Data excerpts
^^^^
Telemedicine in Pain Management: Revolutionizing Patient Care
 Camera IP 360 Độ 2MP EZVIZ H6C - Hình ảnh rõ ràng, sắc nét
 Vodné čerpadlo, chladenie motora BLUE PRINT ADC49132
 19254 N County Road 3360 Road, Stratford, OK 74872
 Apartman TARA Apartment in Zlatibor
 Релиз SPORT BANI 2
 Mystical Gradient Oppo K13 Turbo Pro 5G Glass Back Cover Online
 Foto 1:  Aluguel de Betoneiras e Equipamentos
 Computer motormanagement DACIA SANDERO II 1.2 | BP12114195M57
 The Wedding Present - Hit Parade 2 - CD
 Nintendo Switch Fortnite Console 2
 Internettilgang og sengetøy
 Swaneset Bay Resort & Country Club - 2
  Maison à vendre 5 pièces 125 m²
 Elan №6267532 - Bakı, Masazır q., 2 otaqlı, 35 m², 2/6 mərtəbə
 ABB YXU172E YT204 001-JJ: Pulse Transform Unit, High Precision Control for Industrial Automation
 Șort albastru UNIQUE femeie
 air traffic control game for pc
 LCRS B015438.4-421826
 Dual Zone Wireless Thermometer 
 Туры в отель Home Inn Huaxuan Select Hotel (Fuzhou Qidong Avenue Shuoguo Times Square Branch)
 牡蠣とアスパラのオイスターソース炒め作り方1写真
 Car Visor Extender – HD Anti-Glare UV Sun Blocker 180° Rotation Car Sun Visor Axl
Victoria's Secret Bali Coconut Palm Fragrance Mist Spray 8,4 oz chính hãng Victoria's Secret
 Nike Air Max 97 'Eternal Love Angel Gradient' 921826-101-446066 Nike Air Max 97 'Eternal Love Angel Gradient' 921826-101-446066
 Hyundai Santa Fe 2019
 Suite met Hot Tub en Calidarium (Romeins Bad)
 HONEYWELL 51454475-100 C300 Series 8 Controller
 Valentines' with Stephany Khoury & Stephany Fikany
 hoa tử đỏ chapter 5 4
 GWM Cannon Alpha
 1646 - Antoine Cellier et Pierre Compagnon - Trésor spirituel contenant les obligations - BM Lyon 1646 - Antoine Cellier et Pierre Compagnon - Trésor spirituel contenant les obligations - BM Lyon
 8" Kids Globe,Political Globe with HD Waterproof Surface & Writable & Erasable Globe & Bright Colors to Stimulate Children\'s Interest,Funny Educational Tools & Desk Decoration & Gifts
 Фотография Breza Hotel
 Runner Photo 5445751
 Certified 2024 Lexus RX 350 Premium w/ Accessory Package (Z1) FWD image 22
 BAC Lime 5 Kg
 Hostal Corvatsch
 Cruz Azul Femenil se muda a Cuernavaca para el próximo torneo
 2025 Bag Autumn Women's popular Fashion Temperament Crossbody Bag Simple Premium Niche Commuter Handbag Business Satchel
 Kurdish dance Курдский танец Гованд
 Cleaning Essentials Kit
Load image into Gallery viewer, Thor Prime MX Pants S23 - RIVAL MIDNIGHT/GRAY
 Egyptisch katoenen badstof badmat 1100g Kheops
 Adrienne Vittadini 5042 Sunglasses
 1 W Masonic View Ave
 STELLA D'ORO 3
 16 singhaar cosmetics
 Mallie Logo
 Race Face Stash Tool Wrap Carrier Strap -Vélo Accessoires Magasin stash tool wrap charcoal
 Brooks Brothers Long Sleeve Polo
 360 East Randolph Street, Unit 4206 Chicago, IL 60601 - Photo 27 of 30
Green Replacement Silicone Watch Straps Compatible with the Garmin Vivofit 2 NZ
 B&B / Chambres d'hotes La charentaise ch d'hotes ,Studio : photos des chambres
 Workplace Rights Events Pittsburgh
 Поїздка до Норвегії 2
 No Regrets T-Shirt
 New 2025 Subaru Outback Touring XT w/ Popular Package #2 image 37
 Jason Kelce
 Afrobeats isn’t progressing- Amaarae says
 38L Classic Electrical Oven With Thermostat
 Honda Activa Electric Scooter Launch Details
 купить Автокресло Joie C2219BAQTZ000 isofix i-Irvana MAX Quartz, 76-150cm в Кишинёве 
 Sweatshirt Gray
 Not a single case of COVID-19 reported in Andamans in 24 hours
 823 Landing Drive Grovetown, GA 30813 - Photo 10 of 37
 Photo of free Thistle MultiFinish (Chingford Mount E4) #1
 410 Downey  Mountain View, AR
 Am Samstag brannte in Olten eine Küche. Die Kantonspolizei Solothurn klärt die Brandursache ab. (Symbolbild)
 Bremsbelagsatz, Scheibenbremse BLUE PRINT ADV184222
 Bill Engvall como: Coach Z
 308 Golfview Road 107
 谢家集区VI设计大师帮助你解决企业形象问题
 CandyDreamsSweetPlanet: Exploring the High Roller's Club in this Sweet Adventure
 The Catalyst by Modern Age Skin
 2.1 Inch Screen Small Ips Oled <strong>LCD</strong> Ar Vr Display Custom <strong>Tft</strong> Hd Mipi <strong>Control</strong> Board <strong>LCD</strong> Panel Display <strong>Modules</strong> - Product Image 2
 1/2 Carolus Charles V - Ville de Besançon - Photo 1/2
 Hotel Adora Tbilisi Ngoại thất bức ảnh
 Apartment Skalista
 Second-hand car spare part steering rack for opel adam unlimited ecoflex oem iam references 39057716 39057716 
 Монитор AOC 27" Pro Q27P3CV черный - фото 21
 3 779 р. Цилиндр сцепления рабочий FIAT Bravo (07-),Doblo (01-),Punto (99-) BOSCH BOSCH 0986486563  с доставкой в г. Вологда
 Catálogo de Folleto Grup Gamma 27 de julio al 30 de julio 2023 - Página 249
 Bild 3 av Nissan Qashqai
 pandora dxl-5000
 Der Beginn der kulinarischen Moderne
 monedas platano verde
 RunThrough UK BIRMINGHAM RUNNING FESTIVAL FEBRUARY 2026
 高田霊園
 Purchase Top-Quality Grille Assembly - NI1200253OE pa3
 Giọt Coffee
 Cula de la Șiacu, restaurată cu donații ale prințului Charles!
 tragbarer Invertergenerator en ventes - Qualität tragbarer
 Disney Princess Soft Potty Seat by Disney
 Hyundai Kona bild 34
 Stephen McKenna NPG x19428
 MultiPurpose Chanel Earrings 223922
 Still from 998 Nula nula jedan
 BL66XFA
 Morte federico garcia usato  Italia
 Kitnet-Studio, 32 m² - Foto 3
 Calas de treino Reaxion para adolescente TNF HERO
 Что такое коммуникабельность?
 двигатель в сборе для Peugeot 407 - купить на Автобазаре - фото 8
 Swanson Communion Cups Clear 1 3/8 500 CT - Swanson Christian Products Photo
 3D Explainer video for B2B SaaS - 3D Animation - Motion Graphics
^^^^
In the data above, find the line that contains "Dual Zone Wireless Thermometer" and the line that contains "Victoria's Secret Bali". Repeat exactly those lines and every line between them, and only those.

 Dual Zone Wireless Thermometer 
 Туры в отель Home Inn Huaxuan Select Hotel (Fuzhou Qidong Avenue Shuoguo Times Square Branch)
 牡蠣とアスパラのオイスターソース炒め作り方1写真
 Car Visor Extender – HD Anti-Glare UV Sun Blocker 180° Rotation Car Sun Visor Axl
Victoria's Secret Bali Coconut Palm Fragrance Mist Spray 8,4 oz chính hãng Victoria's Secret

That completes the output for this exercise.